Did you notice that the intermediary stacks.Dumping.call method is absent in the above output? The reason is the call(int) method had been executed a sufficiently number of times (default=1000) prior to this particular stack print for the resource metering runtime to have already determined that it is not a hotspot (in terms of inherent cost) and does not need to be metered any further. It was fired but not metered.

Note: The runtime allows for different meters to be used in determining whether a particular named probe (method) is a hotspot or not.

Here is another stack trace printed later in the same run.

Now all the stacks.Dumping.$* methods have completely disappeared. We are left with probes fired and metered for methods marked as hotspots or still under analysis by the probes runtime metering strategies.

You have probably already guessed that if you enable additional resource meters within the metering runtime these will also be included in the probe stack prints.

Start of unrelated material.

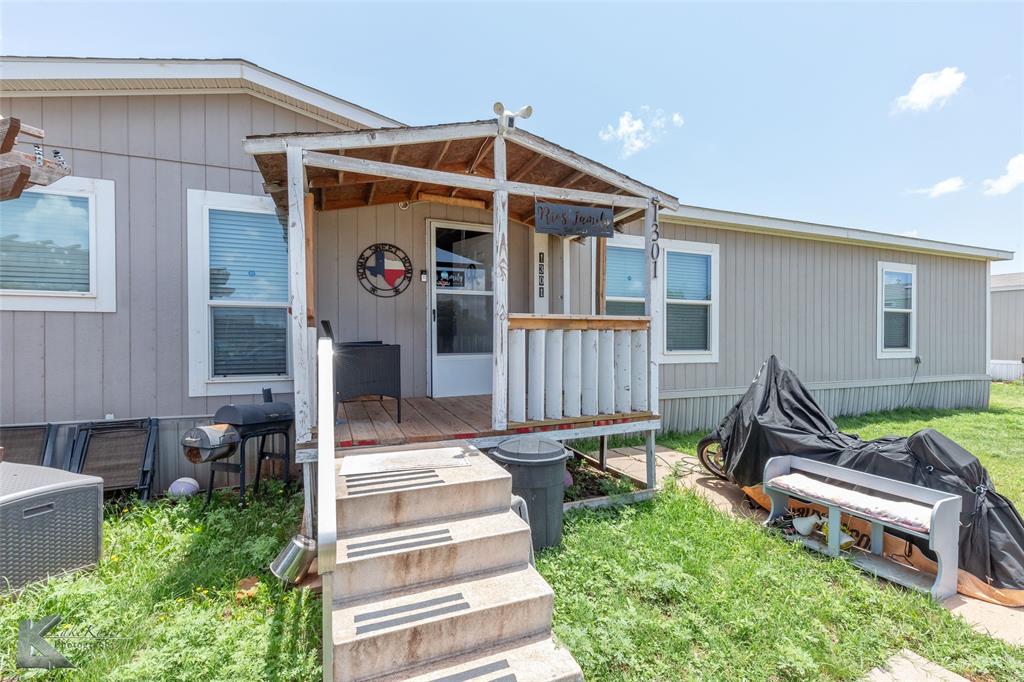 1301 Roma Lane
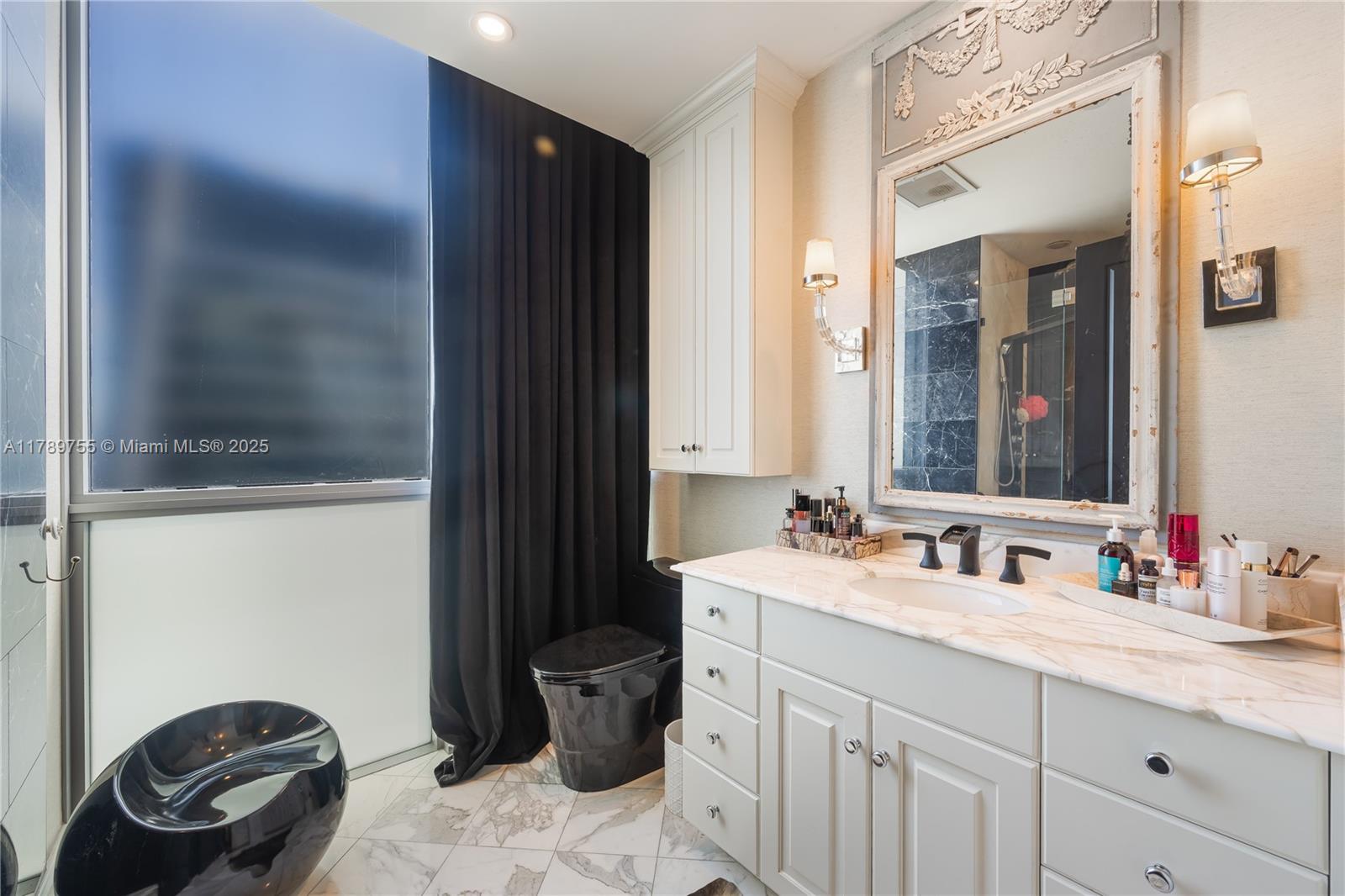 MARQUIS CONDO - Residential Lease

Conventional call stack dumps quickly fill up a log file with a large amount of irrelevant and duplicated data but they are also extremely costly both in terms of wall clock time and CPU usage.

I am not advocating the complete elimination of thread stack trace dumps from logs though I am sure many of us would wish it to be so especially when staring at the same exception printed 20 times or more as it passes back up through the request processing pipeline.

Having the complete call frame stack can be helpful in a few cases but for the most part it is woefully inefficient (both at runtime and off-line analysis), wasteful, and severely lacking in important runtime diagnostic information – object state and resource usage.

There are solutions available today that make problem determination pretty efficient even for the most complex of systems. You just need to step outside of the runtime and to stop staring into the Sun (it can blind you).

Note: With the solution above probe stack prints can also cross multiple language boundaries – Java-to-Ruby.